EXERCISE: In the records below, find the line containing "Room Anton Street in Greater London". Restate it and all the lines after it exactly, and omit the rest.
··· DATA SHOWN ···
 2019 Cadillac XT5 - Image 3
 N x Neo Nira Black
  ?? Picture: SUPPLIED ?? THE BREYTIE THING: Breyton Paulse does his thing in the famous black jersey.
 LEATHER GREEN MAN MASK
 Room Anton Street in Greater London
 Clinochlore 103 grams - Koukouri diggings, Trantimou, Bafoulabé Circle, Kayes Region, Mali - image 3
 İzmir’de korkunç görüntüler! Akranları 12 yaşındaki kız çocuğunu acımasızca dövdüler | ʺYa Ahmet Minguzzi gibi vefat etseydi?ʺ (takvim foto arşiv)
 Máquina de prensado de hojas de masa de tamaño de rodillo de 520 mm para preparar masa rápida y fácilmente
···
COMPLETED TASK:
 Room Anton Street in Greater London
 Clinochlore 103 grams - Koukouri diggings, Trantimou, Bafoulabé Circle, Kayes Region, Mali - image 3
 İzmir’de korkunç görüntüler! Akranları 12 yaşındaki kız çocuğunu acımasızca dövdüler | ʺYa Ahmet Minguzzi gibi vefat etseydi?ʺ (takvim foto arşiv)
 Máquina de prensado de hojas de masa de tamaño de rodillo de 520 mm para preparar masa rápida y fácilmente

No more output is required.